Migration to America’s fastest-growing areas has tapered off in the last year, newly released Census data show. The slowdown is sharpest in places where growth was fueled in large part by the decade’s hot housing market—Florida, the Mountain West and ex-urban counties.
At the same time, the formerly foot-loose residents of coastal California, Northeast and Midwest cities and inner suburbs are mostly staying put. This “migration correction” is a response to the housing market correction that has kept would-be buyers from locating to previously hot areas, and in many cases, keeping them from selling existing homes in the established locales.

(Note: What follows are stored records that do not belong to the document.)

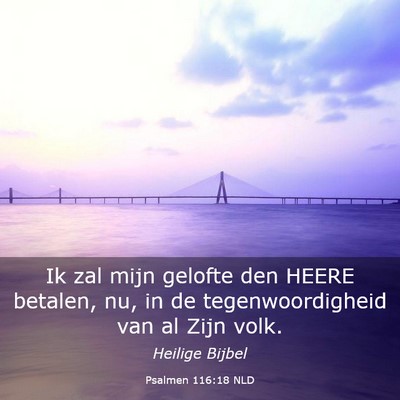 Picture 03 - Psalmen 116:18 NLD - Ik zal mijn gelofte den HEERE betalen, nu, in de - Bible Verse Picture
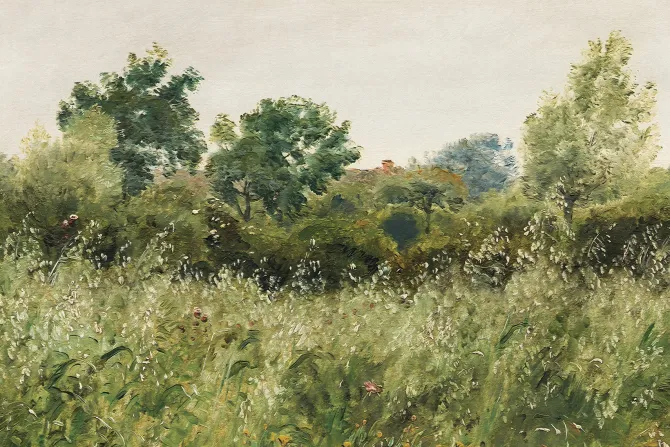 Fototapeta: Malowany leśny wzór z drzewami i trawami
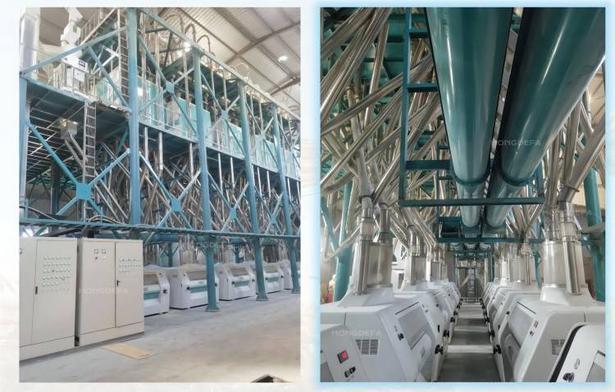 200t/24h Wheat flour making machine in Brazil​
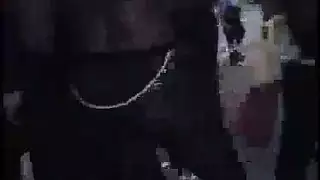 قطار جنس شرجيّ لفتيات ممتلئات بقسوة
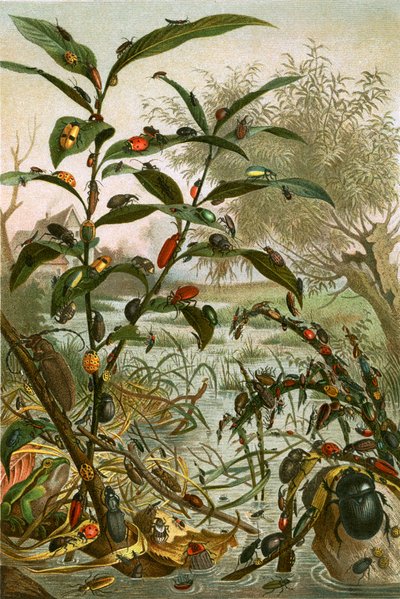 Biller i en oversvømmelse af English School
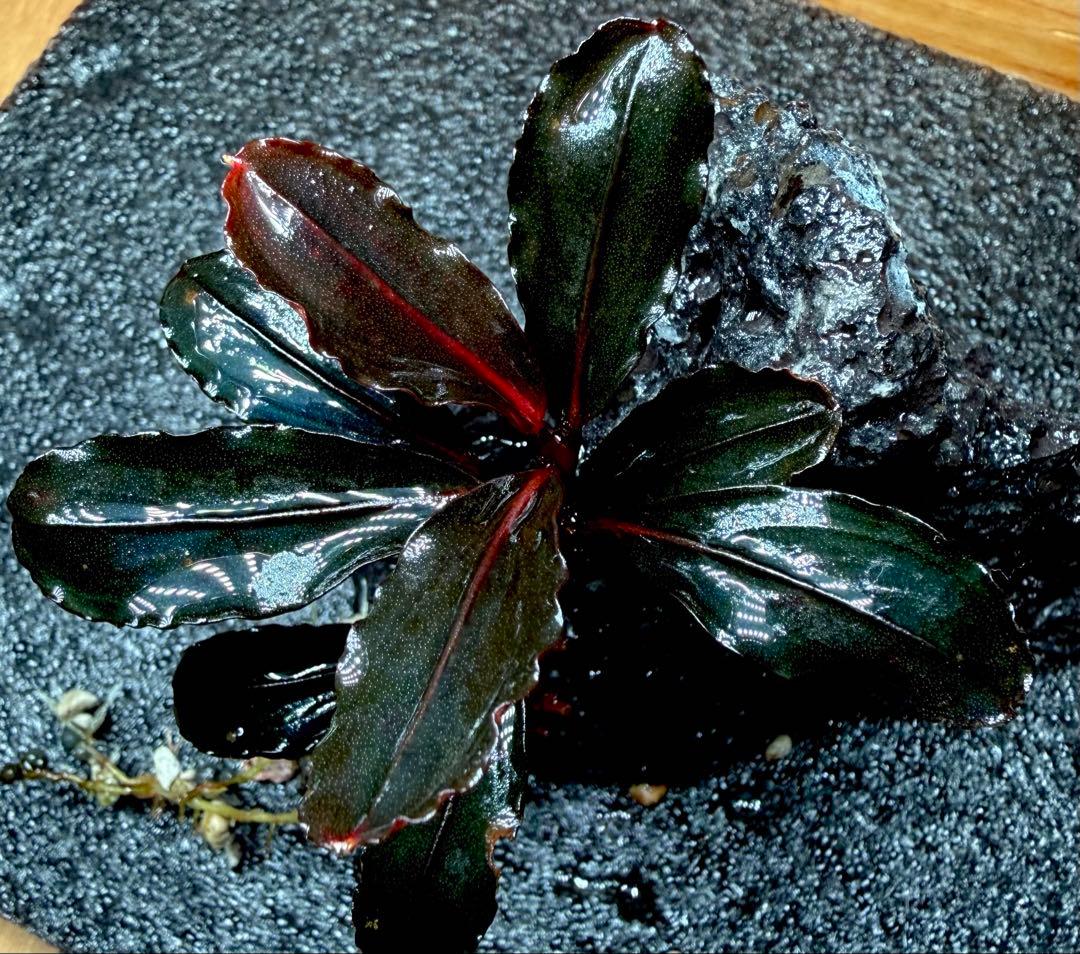 ブセファランドラ Neo 2015 1株 - メルカリ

According to an analysis of the Census Bureau’s annual population estimates through July 2007, while the fastest growth continues to occur in the South and West regions, that growth has stalled in the last year. Among the 25 large counties which grew most rapidly since 2000, 23 showed lower growth rates last year than the prior year. (View Table A) Many are located in Florida, which has been particularly hard hit by the recent housing crises, a broader economic downturn and hurricane concerns. The state’s annual in migration plunged to 35,000 in the past year, in comparison to an average 230,000 per year for the previous three years.. And while the slowdown in population gains were most pronounced in counties located in hot markets like Orlando and Tampa, they were pervasive in almost all parts of the state. Metro Fort Lauderdale’s Broward County registered an actual decline in its population for the first time in history and Miami’s growth was reduced to half of the previous year.
The Mountain West, along with interior California, also took significant hits in their earlier high growth rates. (View Chart) While Phoenix’s Maricopa County still led the nation by gaining 101,000 people in the last year, this gain is down from 132, 000 in 2005-6, and 142, 000 the prior year. Noticeable growth cutbacks are evident in Las Vegas’ Clark County, as well as Riverside and San Bernardino counties in California’s “inland empire”. (View Table B) The latter county, a popular destination for San Diegans in search of more affordable housing, registered a net domestic out migration in the past year. The growth in this suburban destination is now totally dependent on immigration and natural increase.
These growth slowdowns are only half of the story. In fact, California illustrates both halves. While the state’s interior San Bernardino and Riverside counties are receiving fewer migrants than in previous years, coastal California counties, San Diego, Orange, Los Angeles – major migration feeder areas for inland empire- lost fewer migrants, and gained more people than before. During each of the bubble years of 2003-06, San Diego lost more than 35,000 migrants. This fell to just 14,000 in 2006-7 as many potential migrants decided to hold tight.
Aside from coastal California, many other counties showed greater gains, or reduced losses between 2005-6 and 2006-7 in a way that is also linked to the fewer housing opportunities. Such is the case for a slew of city or inner suburban counties, including Cook County, Ill, in the Chicago metropolitan area, Middlesex Co, NJ, in the New York metropolitan area, Hennepin County, MN in the Minneapolis-St Paul metropolitan area, and Philadelphia County. (View Table C) At the same time, exurban counties in these and other metropolitan areas, including metro Washington DC, showed reduced growth from previous years as the housing market cooled off.
So we have a year when the extremes are being reined in. Would-be homebuyers in previously hot housing markets are unable to obtain the homes they desire, leaving them in limbo – in many cases stranded from promising opportunities or amenity-rich retirement living. Yet more stagnant or expensive parts of the country, be they northern cities or coastal areas, are enjoying a windfall by retaining more of their residents, including renters, new families andempty nest retirees until at least both the housing and migration markets clear.